We can illustrate this setup as follows (with the arrows indicating that ownership relation):

(inline image)

Delete owned subtree

PathEngine isn't just about meshes, agents and paths. There are other objects provided by the SDK.

The same kind of approach was then applied throughout the SDK, with the various API objects organised into a kind of tree structure.

In general, larger (containing) objects, towards the root of the tree, were given the responsibility of cleaning up a whole bunch of smaller 'owned' objects, in branches out from the root.

Let's call this approach delete owned subtree.

Advantages of this approach

The main advantages of delete owned subtree are both related to the fact that, with this setup, the client application is not responsible for keeping track of sub-objects, and cannot then forget to clean up any of those sub-objects.

So this helps avoid memory leaks, first of all.

And then having a paradigm that forces sub-object cleanup (for example when an iMesh object is deleted) is also a good way to avoid memory fragmentation.

Memory fragmentation nightmares

Memory fragmentation is an important issue for game development nowadays but was even more important historically, particularly for console platforms, when there was a lot less memory to go around.

Imagine your game is unable to allocate memory and crashes out, after loading a bunch of levels, during console acceptance tests, due to heap fragmentation. Your game can't be released until the acceptance tests pass, and each pass through acceptance testing involves a third party, bureaucracy, and delays.

This is one of those things that can be fundamentally hard to fix, a real developer nightmare.

Seemed like a good approach at the time

So what I'm trying to do here is to give a bit of context for the original PathEngine API design.

The point is not that this was some kind of perfect solution to memory leaks and fragmentation, but just that, given the kinds of priorities for game developers at that time, this was a reasonable enough way to approach object management.

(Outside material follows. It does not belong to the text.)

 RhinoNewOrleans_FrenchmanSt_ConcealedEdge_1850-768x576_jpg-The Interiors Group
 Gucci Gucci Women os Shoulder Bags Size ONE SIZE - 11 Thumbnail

And the approach worked out fairly well in practice, at least in that the SDK shipped with a whole bunch of games with these ownership semantics, and with very positive feedback from developers about the general API design.

But looking back at this design with slightly more modern programmer sunglasses, it's not too hard to see some problems with the approach.

Where this breaks down

Actually, the previous diagram doesn't really show the real situation with regards to object dependencies and references. Let's try and fill in some more of the details here.

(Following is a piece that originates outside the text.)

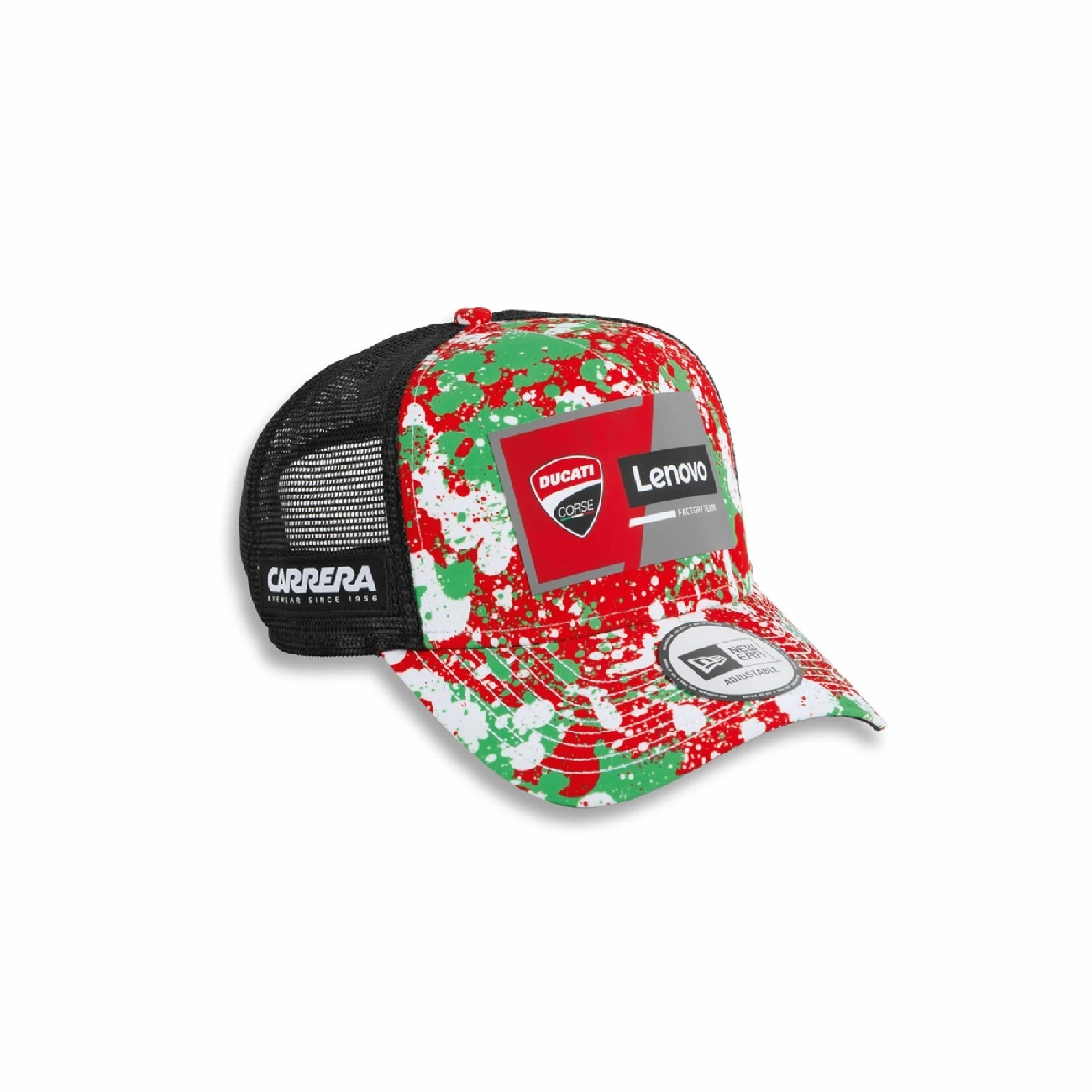 Ducati GP Replica MUG-25 Special Edition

The diagram might then start to look something like this:

(inline image)

Weak references

The first thing to note is that the user will generally need to hold on to a bunch of those individual iAgent and iPath object pointers, in addition to the iMesh pointer, in order to actually do useful stuff with them.

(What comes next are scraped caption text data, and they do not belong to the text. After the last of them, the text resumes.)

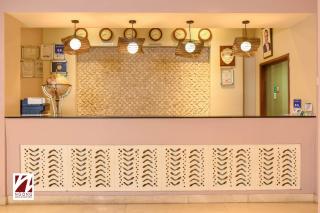 Ngong Hills Hotel - 5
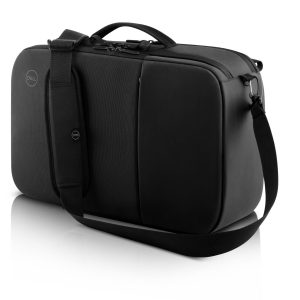 15" Dell Pro Hybrid - Image 7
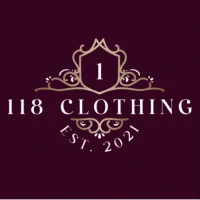 118.clothing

In terms of actual concrete game code, maybe the iMesh pointer gets stored in with a bunch of other game level information, and the iPath and iAgent pointers get stored somewhere completely different, in with some AI classes, or somewhere like that.

So, as well the user's iMesh pointer (drawn in solid red, because the user is kind of considered to own the whole lot, through this reference) we also have a bunch of other 'weak references' (drawn with dotted lines).

And the problem is that there is nothing to prevent these weak references getting invalidated.

When the mesh is destroyed (e.g. on level completion), and all those path and agent objects also get destroyed, there's nothing to ensure that outstanding iPath and iAgent pointers held elsewhere in the code are cleared or otherwise marked as invalid, or to prevent other code from subsequently attempting to use these pointers.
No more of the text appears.